The isomorphism is going to map solutions [itex]x[/itex] of the polynomial [itex]x^2-x+1[/itex] to a corresponding complex number [itex]\lambda[/itex] which is also a solution of the equation [itex]\lambda^2 - \lambda +1[/itex].

That is

[tex]a + bx \rightarrow a + b\lambda[/tex]

where [itex]a+bx[/itex] is a linear factor of [itex]x^2-x+1[/itex] and [itex]a, b \in \mathbb{R}[/itex].

So take [itex]x \in \mathbb{R}[x]/(x^2-x+1) [/itex]. Then [itex]x[/itex] is a solution of [itex]x^2-x+1 = 0[/itex]. Now we take a [itex]\lambda \in \mathbb{C}[/itex] such that [itex]\lambda[/itex] solves [itex]\lambda^2 -\lambda + 1[/itex]. To prove that this is an isomorphism we need to show

[tex](a+bx)(c+dx) \rightarrow (a+b\lambda)(c+d\lambda)[/tex]

[tex](a+bx)(c+dx) = (ac + (bc+ad)x + bdx^2) [/tex]

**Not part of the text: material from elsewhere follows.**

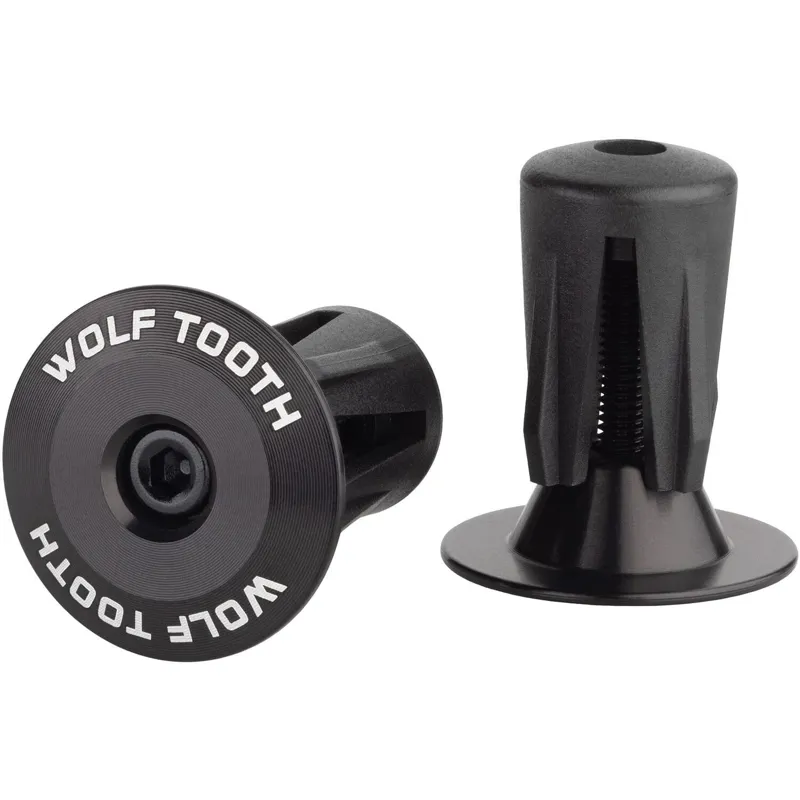 Wolf Tooth Alloy Bar End Plugs in Black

[tex](a+b\lambda)(c+d\lambda) = ac + (bc+ad)\lambda +bd\lambda^2[/tex]
 
  • #4
What's the kernel of the map R[x] --> C that maps x to λ? Is it surjective? Know any theorems about homomorphisms?
 
  • #5
The polynomial [itex]x^2-x+1[/itex] is irreducible over [itex]\mathbb{R}[/itex] since if the polynomial was reducible it would have a linear factor in [itex]\mathbb{R}[x][/itex] and hence a zero in [itex]\mathbb{R}[/itex]. But the polynomial has no zeroes hence factorization is impossible.

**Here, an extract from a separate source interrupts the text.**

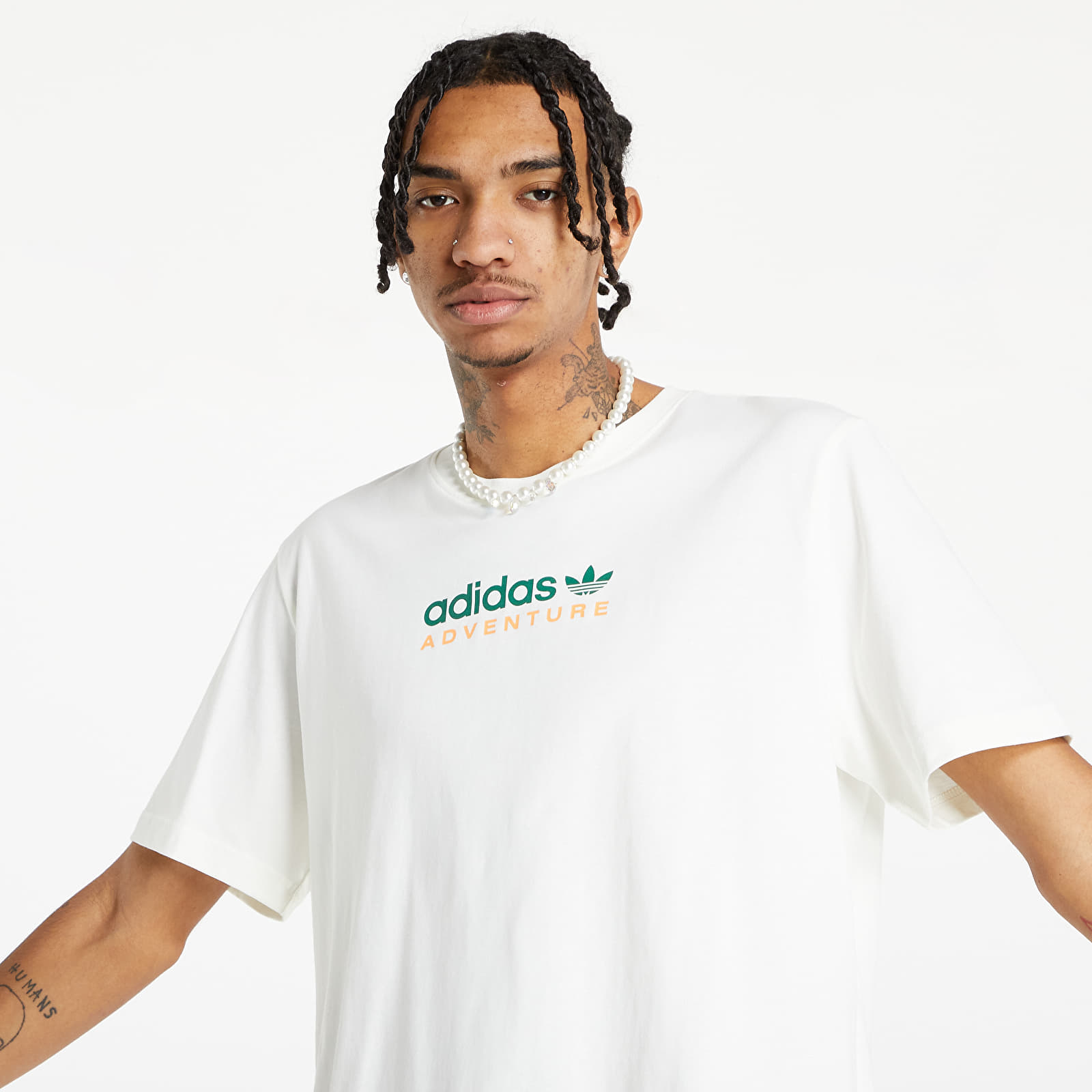 T-shirts adidas Adventure Mountain Spray Tee Off White (HF4773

Because of this fact, the quotient ring [itex]\mathbb{R}[x]/(x^2-x+1)[/itex] is a field.

I now look for isomorphisms that take elements in the quotient ring to elements of the complex numbers.

[tex]\phi : \mathbb{R}[x]/(x^2-x+1) \rightarrow \mathbb{C}[/tex]

An element in the quotient ring will be of the form [itex](a+bx)[/itex], where [itex]x[/itex] is a solution to [itex]x^2-x+1=0[/itex]. And an element of the complex numbers will be of the form [itex](a+b\lambda)[/itex] where [itex]\lambda[/itex] is a solution to [itex]\lambda^2-\lambda+1=0[/itex].

Now [itex]\phi[/itex] is an isomorphism if it is a homomorphism with respect to addition and multiplication. That is

[tex]\phi(a+b) = \phi(a') + \phi(b')[/tex]
[tex]\phi(ab) = \phi(a')\phi(b')[/tex]

Where [itex]a,b[/itex] are elements of the quotient ring and [itex]a',b'[/itex] are elements of the complex numbers.

The kernel of this map is that element of the quotient ring which maps to [itex]0 \in \mathbb{C}[/itex]. That is, [itex]\ker{\phi} = x[/itex] where [itex]x[/itex] is the solution to [itex]x^2-x+1=0[/itex].

Im not sure if all this so far is necessary to show an isomorphism exists, but I wrote this just to make sure my reasoning is correct. It probably isn't, but someone can point that one out.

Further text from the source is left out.